- General Information
- Introduction
- Getting Started
- Technologies Used
- Folder Structure
- Data Generation and Post-Processing
- ChatGPT for Evaluating Entities
- API Keys
- Roadmap
- Contact Information
Concept Generator utilizes ChatGPT 3.5 to generate multifaceted data about concepts, which are fundamental building blocks in thinking. The project yields three types of data:
- Relational (i.e., how concepts relate to one another)
- Comparative (i.e., how concepts rate along specific continua)
- Descriptive (i.e., what do different concepts mean?)
The outcome of the project is a Google Firestore database that provides easy and efficient access to the generated data. In fact, ConceptExplorer is a web app that utilizes the data generated in this project in a user-friendly manner.
Concepts are the foundation of human thinking and understanding. They allow us to make sense of the world by organizing information into meaningful categories. While we grasp many concepts, our understanding of them is often intuitive rather than explicit. For example, explaining what 'the mind' truly is can be challenging.
The Concept Generator project takes a systematic approach to the world of concepts by harnessing the power of ChatGPT 3.5. With Concept Generator, you can:
- Initiate the creation of an interrelated concept network from a user-defined starting concept
- Evaluate concepts across any dimension, providing valuable insights into the spectrum of thought
- Generate clear and concise summaries for each concept, making complex ideas more accessible
The project produces data that can be useful for:
- Learning new concepts
- Enhancing the understanding of concepts already known
- Acquiring knowledge about the interconnections between concepts
- Categorizing and rating concepts across various dimensions
In essence, the data generated by this project can improve one's conceptual thinking skills, better equipping individuals to interact with the world around them.
The project is designed for learners, educators, researchers, and anyone curious about the intricacies of human thought.
Additionally, explore ConceptExplorer, the application-side sister project that complements this endeavor.
To run this project locally, follow these 5 steps:
-
Installation: Ensure you have Python 3.9.5 or a more recent version installed on your system.
-
Clone the Repository:
git clone https://github.com/JoelHKV/ConceptGenerator.git
- Install Dependencies: Navigate to the project directory and install dependencies:
pip install -r requirements.txt
-
Configuration: Set up API keys. Refer Section API Keys for details.
-
Run the Project: Execute the main script
ConceptGenerator.py
. Refer Section Data Generation and Post-Processing for details. -
Explore the Output: Check the project's output at Google Firestore or local files saved in the data-folder.
Concept Generator is written in Python and utilizes Firestore, a cloud-based NoSQL database service, for data management.

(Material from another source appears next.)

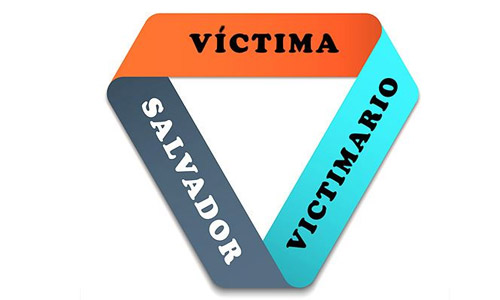 ¿cuál es la diferencia entre víctima y victimario?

The project directory is organized as follows:
- ConceptGenerator.py: The entry point
- src/: Contains functions for data processing
- utils/: Holds utility functions for credentials etc
- data/: Stores local data files
All data generation and post-processing are done in ConceptGenerator.py
.
The script is meant to be run one step at the time, and all the steps will
be explained in the next subchapters.
To run this step, set mode='generate_connections'
in ConceptGenerator.py
.
Also, specify a starting concept (e.g., starting_concept='mind'
)
and the end recursion depth (e.g., end_depth = 3
).
The start depth should always be set to 0 (i.e., start_depth = 0
).
The iteration begins with the starting concept (Level 0), which is
first input into ChatGPT to generate 8 related concepts (Level 1).
Each of these related concepts is then fed into ChatGPT to generate
even more related concepts (Level 2). The iteration continues until
the desired recursion depth is reached (e.g., end_depth = 3
).
In theory, the algorithm yields 8 times more concepts for each iteration. In practice, however, concepts start reappearing, and since the algorithm does not need to recompute them, the overall computational complexity increases less. The actual increase per depth level depends, for example, on the internal consistency of the starting concept.
The script outputs a dictionary that contains the starting concept and all iterated concepts. One key-value pair looks like this:
"perception": {"branch": [["truth", 2]], "concepts": ["sensation", "awareness", "interpretation", "cognition", "attention", "stimulus", "consciousness", "recognition"]}
The first item in 'branch' array is the starting concept that yielded this concept. The second item is the recursion depth at which this concept appeared (e.g., 1 = direct child of the starting concept). The 'concepts' is an 8-item array where each item is one related concept (direct child of the concept).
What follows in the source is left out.